Peter Tufano, professor of financial management at Harvard Business School, with a group of academics from Harvard and Princeton, spent time in South Africa understanding the FNB product.
In an interview with the Mail & Guardian Tufano said he was impressed that not only had such a large number of accounts been opened through the product but that it encouraged savings across the board, showing diversity in income and geography. “This is unusual for a savings product. I thought it was an extraordinarily exciting product,” he said.
Yet this is the same product that in March this year was forced to close when the National Lottery won a judgement to prevent FNB from offering cash prizes to account holders as it was competing with the Lotto, which is a state monopoly protected by law. Within the three years of launching, the savings account attracted 900 000 customers with an average balance of R1 600. It was by anyone’s standards a huge success.
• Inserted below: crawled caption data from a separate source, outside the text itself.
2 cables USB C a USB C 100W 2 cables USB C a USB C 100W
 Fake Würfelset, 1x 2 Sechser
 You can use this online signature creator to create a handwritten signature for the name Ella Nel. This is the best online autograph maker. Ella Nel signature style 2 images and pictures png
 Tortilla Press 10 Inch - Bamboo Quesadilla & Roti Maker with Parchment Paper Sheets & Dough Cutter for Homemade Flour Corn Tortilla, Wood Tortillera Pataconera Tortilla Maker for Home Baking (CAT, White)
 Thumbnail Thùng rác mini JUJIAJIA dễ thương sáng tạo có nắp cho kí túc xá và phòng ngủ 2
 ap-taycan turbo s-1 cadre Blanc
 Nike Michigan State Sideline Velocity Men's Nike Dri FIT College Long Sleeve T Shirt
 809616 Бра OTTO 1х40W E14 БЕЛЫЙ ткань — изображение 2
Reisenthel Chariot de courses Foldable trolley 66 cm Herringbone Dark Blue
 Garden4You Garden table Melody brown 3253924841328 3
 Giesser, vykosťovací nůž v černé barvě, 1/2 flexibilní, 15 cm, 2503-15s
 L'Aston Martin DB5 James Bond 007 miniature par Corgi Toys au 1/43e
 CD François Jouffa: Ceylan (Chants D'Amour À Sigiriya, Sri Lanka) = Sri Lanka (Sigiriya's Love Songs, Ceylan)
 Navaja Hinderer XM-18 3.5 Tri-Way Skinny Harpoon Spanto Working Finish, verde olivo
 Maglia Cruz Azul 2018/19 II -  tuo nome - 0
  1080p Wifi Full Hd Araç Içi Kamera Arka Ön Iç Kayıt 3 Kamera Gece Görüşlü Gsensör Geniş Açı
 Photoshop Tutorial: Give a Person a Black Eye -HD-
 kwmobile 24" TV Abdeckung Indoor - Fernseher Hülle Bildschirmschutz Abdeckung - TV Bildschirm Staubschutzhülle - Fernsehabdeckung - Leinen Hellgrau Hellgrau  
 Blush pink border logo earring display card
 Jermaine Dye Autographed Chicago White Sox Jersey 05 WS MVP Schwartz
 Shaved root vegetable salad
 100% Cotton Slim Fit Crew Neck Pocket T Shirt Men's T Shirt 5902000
In his judgement Judge JA Nugent of the Supreme Court said that the account successfully attracted many people who would otherwise have kept their money under the mattress or in a glass jar. In offering 114 monetary prizes a month to depositors, ranging from R1-million to R1 000, FNB made significant inroads into attracting the unbanked and increasing savings. Tufano said that there are 20 countries around the world that use a similar model, although it might take many forms, such as bonds issued by government — the Premium Bond Programme in the United Kingdom, for example — or sometimes the product offers non-cash prizes.
Tufano said what was remarkable about the Mama was “the real care with which they launched and marketed it from the name, to advertising, prime-time draws and branch-level incentives. They thought really hard about how to create a new retail savings product that had not existed. The attention to detail was excellent.” He said what is also remarkable is that even once the prizes were stopped, people still continued to save in the accounts.
Robert Keip, chief executive of FNB Savings and Investment Products, said that there are still about 750 000 active accounts, which further demonstrates the success of Mama. Tufano, through his organisation to promote savings, Doorways to Dreams Fund (www.D2Dfund.org), has worked with credit unions in the US to test a similar product that will be launched in Michigan in 2009.
From there he intends to work with the government to create a national savings product. He said the legal environment in the US is similar to South Africa, which might make it difficult to launch the product, but he says they will “use the Mama experience to show [the regulators] that the impact on savings can be enormous”.
Unfortunately, FNB was unable to convince our government that national savings should be a priority over a national lottery. In his judgement Judge Nugent said that historically lotteries were prohibited because of their propensity to draw money from those who could least afford it.
The judge quoted from a comment made in England by Lord Widgery CJ in Reader’s Digest Association Ltd vs Williams. “The evil which the lottery law has sought to prevent was the evil which existed where poor people with only a few pence to feed their children would go and put these few pence into a lottery and lose them, and this, sociologically, was a bad thing.” The judge commented that the Lotteries Act does not view the loss of a few pence as undesirable, but rather “what is undesirable is only that it should be lost to someone other than the National Lottery, which is obliged to pay part of its net income to worthy causes”.
The idea that the National Lottery is doing good by providing money to welfare projects seems to offset the social injustice of taking money from mostly poor, desperate people. Apart from the fact that there has been controversy about whether or not these payments to qualifying projects are taking place timeously, there has been no proof that Mama had any effect on the Lotto inflows.
The government chose to destroy rather than build on what has proved to be a successful savings initiative which encouraged more than 900 000 people to save rather than put a few rands into the lottery only to lose it. The judge believed he had no choice but to rule in the National Lottery’s favour, because the National Lottery has a monopoly on collecting money from the general public in this manner. All other lotteries that have a subscription are prohibited — no matter how meritorious.
The National Lottery is governed by the ministry of trade and industry, not the finance ministry. Had the National Lottery fallen under the finance ministry FNB might have had a more sympathetic ear. If the US government gives its approval to the product in the interests of national savings, it might be worth FNB’s while to petition our government to re-instate the product.